Au cœur de l’universelle médiocrité et de l’universelle bassesse, à laquelle il a largement participé, une chose est certaine. Céline sait voir et retranscrire à merveille les étincelles du sublime, comme un contrepoint à toutes les vomissures. Aussi est-on tenté de le croire, au moins littérairement, quand il murmure, dans Londres, au chevet d’un enfant mourant (la scène date sans doute de 1915) : « J’ai jamais voulu depuis aller ailleurs qu’au bord de l’âme. » Il n’est pas interdit de penser que, là aussi, on peut trouver la « douce pitié de Dieu ».

Henri Quantin

Londres de choc

À la joie de l’inédit, Londres (1) ajoute le plaisir de la suite : les aventures commencées dans Guerre continuent. Toutefois, même si Ferdinand retrouve Angèle et le major Purcell, chacun des deux volumes a son unité, à commencer par celle que lui donne le lieu de l’intrigue. Après l’hôpital français, la pension londonienne pour le commerce sexuel.
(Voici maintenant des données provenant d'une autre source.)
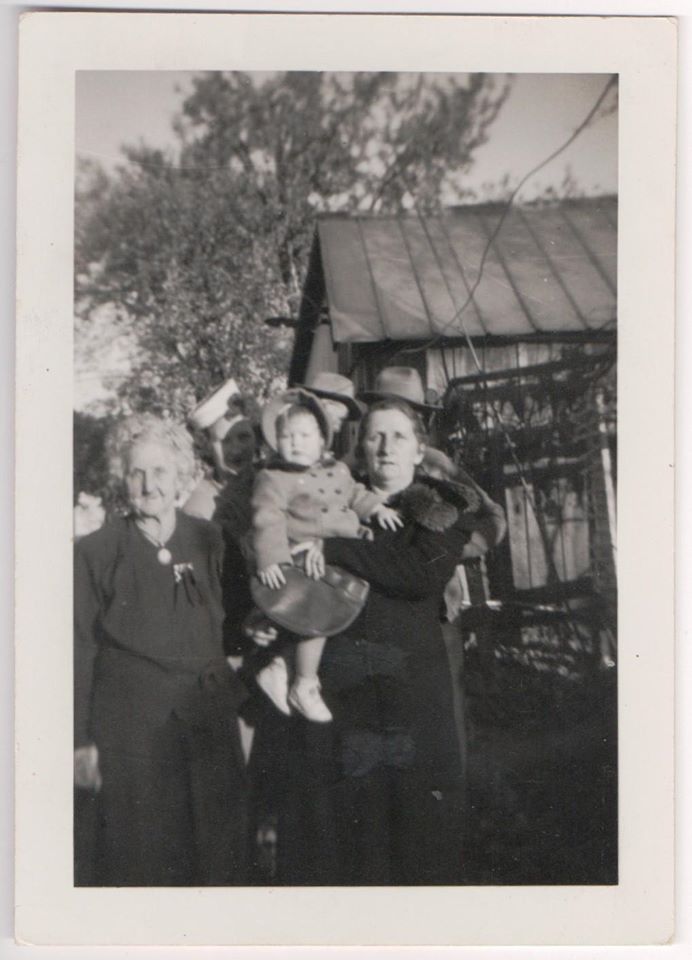 Vintage family snapshot of women and a child outdoors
La plupart des personnages sont des prostituées et des proxénètes, dans cette nouvelle arrière-chambre du conflit mondial. Tout faire pour ne pas retourner au front, tel est le principe qui explique bien des actes. Dans cette grande maison close, ce sont les désirs sexuels à assouvir – faut-il dire les pulsions ? – qui rapprochent et opposent les êtres, mais les blessures à panser sont toujours omniprésentes. Céline nous plonge dans un monde que seule sa créativité verbale à tendance farcesque rend supportable. On se crache à la figure pour se saluer, on se casse des bouteilles sur la tête pour s’amuser et on ne connaît guère de jouissance hors de l’humiliation imposée ou subie.
Et pourtant, comme toujours, la voix de Céline ouvre une voie à une pitié sans pathos. Ferdinand, qui découvre à Londres sa vocation de médecin, ne rêve au fond que d’une chose, soulager un peu ceux qui souffrent, notamment au chevet du petit Peter : « Ce qui m’angoisse, et pour toujours je crois, c’est la façon qu’un petit enfant cesse de jouer pour s’en aller tout de suite, si vite, c’est presque rien à trépasser, le temps de lever un deux trois son petit pinceau, de rire bien encore deux ou trois fois, quatre, et puis voilà. »
La vocation de raconter puise à la même source, en « détaillant bien, vibrant, implacable, intime à en crever, ce qui se passe au fond de la vie ». Dans Londres comme ailleurs, c’est bien ce « fond de la vie » qui fait écrire Céline, qu’il explore les bas-fonds corporels ou qu’il dise ne jamais « aller ailleurs qu’au bord de l’âme ».

Henri Quantin

(1) Céline, Londres, Gallimard, 2022, 560 pages, 24 €.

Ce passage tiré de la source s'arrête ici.